About 5 years ago I thought the frustration of listeners was a generational thing. People my age had to be happy with radio. That was until my wife and I made a trip to Chicago with another couple. Chicago is a 5-hour drive from where I live in Cincinnati. Our friend struggled for hours with a little FM transmitter she attached to her iPhone so the internet stream she listened to could be picked up on her car radio. Every few miles she needed to adjust the frequency, which she did. All the way north on I-65 she kept changing the radio searching for an available frequency. It was obvious she would rather struggle with content she thought of as good than listen to bad content with ease on terrestrial radio.
Sitting in the backseat I thought, “Uh oh.” That’s when I knew. My friend and I were born just a few days apart. We’re virtually the same age.
Predictably, a few of the comment posts on Cridland’s blog, which spoke of his experience and the coming “connected dash” in cars, found defenders of radio’s status quo (which is pretty common):
Are you saying all radio broadcasters should start worrying, or just those providing the kind of second-rate content you found in Nevada? If you have the best content, optimised (sp) for digital presentation, isn’t the connect dash more of an opportunity than a threat?
Or my favorite:
I’m not that concerned, all James did was the modern equivalent of putting on cassettes or CD’s in the car as an alternative to radio. Did personal CD’s or tapes affect radio? Nope.
These comments come from people who feel radio has always survived the next cool technology and it will again…eventually. Radio always adapts, they believe. It always has.
Complacent thinking such as this is why everyone in radio must be afraid. Complacency has no place in our world today, a world based on innovation and change. There are too many choices and innovation is happening at a speed too difficult to keep up with.
With a little history lesson, let me explain why it’s different this time.
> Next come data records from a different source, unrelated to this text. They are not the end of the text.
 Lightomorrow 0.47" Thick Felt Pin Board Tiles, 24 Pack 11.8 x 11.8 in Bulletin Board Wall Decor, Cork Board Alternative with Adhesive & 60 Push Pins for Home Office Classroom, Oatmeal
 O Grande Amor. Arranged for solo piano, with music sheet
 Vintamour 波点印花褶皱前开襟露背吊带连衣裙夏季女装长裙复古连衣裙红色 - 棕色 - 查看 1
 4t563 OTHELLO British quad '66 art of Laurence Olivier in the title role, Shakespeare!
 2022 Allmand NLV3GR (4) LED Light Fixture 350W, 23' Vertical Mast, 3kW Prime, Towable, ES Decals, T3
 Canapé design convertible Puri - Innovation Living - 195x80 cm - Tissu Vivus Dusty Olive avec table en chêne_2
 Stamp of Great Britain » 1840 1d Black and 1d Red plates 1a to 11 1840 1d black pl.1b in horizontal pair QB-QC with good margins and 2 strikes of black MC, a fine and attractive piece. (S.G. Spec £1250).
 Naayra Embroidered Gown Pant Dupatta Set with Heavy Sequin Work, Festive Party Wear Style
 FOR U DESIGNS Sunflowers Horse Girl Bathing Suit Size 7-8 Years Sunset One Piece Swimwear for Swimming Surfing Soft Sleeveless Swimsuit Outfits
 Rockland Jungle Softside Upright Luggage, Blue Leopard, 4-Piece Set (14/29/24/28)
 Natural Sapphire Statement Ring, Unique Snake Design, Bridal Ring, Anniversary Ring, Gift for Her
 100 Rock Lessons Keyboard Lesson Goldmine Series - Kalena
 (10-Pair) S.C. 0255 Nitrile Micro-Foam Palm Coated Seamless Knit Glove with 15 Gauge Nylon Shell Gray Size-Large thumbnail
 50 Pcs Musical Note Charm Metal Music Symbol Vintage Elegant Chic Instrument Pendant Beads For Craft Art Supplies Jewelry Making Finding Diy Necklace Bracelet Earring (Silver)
- One-way mass communication was created with the invention of the printing press in the 1400’s. This technology, along with curated content, remained the primary method of communication for around 500 years.
- Broadcast (radio and later television – a similar technology) came around in the 1920’s and provided instantaneous one-way mass communication of curated content. The difference between broadcast and print was it was instant. A CD or a cassette (as mentioned above) provide instant communication to the consumer too and it’s still one-way and still curated.
- Then in the early 1990’s the internet arrived and provided for instantaneous two-way mass communication with no curation. The difference is it’s two-way and not curated.
Today, everyone has a transmitter and can instantly speak to millions and those millions can respond back. No filters. No curation. This is why it’s different this time.
It’s true. Radio did adapt to movies, television, 78’s, 45’s, 33’s, 8-tracks, cassettes and CD’s and each of these provided one-way curated content. The internet and the “connected dash,” Cridland spoke of, provide for choice, control and 2-way communication.
Here are some sobering facts gathered from ratings data you may not want to hear. Radio has been in decline since 1983. That’s not a typo. 1983 was the year radio hit its collective AQH peak (average quarter hour listening). Between 2010 and 2012 there was a 9% decline of listening in radio’s PPM markets (basically the top 50 ranked radio markets in America).
Radio may not survive the disruption this time without great leadership and innovation.
It cannot survive those who choose to believe radio will survive because “it always has.”